Bij onze zoektocht naar opvallende Haagse voetbalverhalen bij deze uit dagblad Het Binnenhof van 1978 een artikel over echte clubliefde:

Zonder enige schroom zijn de aanbiedingen terzijde geschoven. John Nieuwenburg piekert er eenvoudigweg niet over om Oranjeplein te verlaten. “Het Belgische Roeselare wilde me graag hebben en Rob Baan, toen hij nog bij FC VVV zat, heeft ook verschillende keren geprobeerd om me over te halen bij hem te komen spelen. Ik heb er totaal geen behoefte aan. Oranjeplein is mijn cluppie en ik heb het er verschrikkelijk naar m’n zin. Waarom zal ik dan weg gaan? De sfeer bij ons is uniek. Ook een RVC en VUC trekken me niet. Misschien kom ik met Oranjeplein ook wel snel op het niveau van deze clubs.”

Iets wat niet onwaarschijnlijk is want de formatie van trainer Bertus van Spronsen werkt de laatste seizoenen aan een geweldige opmars. De Buurtweg-bewoners zijn nu in de tweede Klasse aanbeland en gezien hun kwaliteiten liggen ook daar de mogelijkheden om als debutant successen te vergaren. Ook Nieuwenburg gelooft daar wel in. “Ik denk dat we het komende seizoen zeker bij de eerste vijf gaan eindigen, misschien nog wel hoger. ”
De 24-jarige middenvelder maakte de promotie naar de 2e Klasse overigens vanuit de dug-out mee. Vier wedstrijden voor het einde van de competitie raakte hij geblesseerd. “In de uitwedstrijd tegen Scheveningen werd mijn voet bij een schotpoging geblokkeerd. M’n enkelband scheurde en ik moest in het gips. Het was verschrikkelijk die laatste wedstrijden in de dug-out. Het is me toen wel opgevallen dat we vanuit een achterstand zo knap konden terugkomen. Dat is bij Oranjeplein nooit zo geweest. Bij een achterstand zakten we mentaal meestal weg.”

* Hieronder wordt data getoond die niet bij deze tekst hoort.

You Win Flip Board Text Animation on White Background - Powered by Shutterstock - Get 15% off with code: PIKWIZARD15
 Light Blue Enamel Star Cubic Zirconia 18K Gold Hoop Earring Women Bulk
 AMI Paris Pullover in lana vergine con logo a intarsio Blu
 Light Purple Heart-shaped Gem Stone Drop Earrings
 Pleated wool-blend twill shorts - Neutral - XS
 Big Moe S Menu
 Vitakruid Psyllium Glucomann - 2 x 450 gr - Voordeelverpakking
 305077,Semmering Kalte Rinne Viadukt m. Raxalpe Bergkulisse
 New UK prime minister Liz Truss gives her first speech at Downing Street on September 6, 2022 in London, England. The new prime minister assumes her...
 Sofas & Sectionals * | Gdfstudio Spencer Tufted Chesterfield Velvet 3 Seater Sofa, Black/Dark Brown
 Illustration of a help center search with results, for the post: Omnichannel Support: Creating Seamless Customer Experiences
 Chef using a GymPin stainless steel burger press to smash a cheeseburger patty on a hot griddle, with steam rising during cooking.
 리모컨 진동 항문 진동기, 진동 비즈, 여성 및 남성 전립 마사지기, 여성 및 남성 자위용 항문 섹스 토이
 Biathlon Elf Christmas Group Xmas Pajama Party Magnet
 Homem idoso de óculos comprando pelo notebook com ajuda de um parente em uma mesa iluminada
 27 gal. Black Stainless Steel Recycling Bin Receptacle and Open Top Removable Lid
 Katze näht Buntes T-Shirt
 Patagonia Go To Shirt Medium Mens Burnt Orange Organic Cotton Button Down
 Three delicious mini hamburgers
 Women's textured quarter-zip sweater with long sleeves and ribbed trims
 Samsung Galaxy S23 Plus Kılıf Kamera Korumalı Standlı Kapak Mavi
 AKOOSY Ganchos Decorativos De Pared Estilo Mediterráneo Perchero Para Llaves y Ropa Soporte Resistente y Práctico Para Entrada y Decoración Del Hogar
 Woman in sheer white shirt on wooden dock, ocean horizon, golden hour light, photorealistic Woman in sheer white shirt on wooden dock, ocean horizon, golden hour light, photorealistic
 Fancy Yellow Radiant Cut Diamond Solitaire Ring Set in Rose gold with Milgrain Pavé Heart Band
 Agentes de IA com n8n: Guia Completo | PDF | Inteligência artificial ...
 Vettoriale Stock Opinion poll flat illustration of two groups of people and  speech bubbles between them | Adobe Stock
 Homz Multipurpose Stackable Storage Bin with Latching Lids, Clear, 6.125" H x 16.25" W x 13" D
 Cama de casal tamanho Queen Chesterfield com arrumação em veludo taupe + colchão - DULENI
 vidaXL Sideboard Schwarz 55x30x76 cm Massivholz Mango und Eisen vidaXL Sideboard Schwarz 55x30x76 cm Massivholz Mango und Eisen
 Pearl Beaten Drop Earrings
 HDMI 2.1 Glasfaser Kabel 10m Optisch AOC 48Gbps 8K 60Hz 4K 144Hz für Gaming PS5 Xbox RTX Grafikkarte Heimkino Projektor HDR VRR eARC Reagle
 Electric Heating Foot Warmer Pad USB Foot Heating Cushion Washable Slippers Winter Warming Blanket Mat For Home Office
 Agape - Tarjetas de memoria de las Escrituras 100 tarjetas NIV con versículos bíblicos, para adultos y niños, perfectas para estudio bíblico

De overgang naar de 2e Klasse betekent wel dat Oranjeplein daarin waarschijnlijk de ploeg met één der poverste accommodaties wordt. “Het seizoen moet nog beginnen maar als je ziet hoe het ene veld wat we hebben aan de Buurtweg er nu al bij ligt dan is dit droevig. Trainen doen we tegenwoordig op een strook bij de hockeyvelden. We doen dit overigens maar twee keer per week. Slechts weinig spelers bij ons hebben behoefte aan meer, wij zijn niet zo gek op trainen”, aldus de zoon van de voorzitter.

Dankzij die aparte sfeer, die de spelers zo aan elkaar bindt, heeft Oranjeplein geen spelers zien vertrekken maar konden er wel drie worden begroet. “John de Bruin van ESDO en de gebroeders Van der Berg van Spoorwijk hebben we er bij. Niet zo vreemd hoor, want ze hebben alle drie vroeger al bij Oranjeplein gespeeld. Zo gaat dat met de meesten die weggaan. Ze komen na verloop van tijd vanzelf weer terug bij Oranjeplein.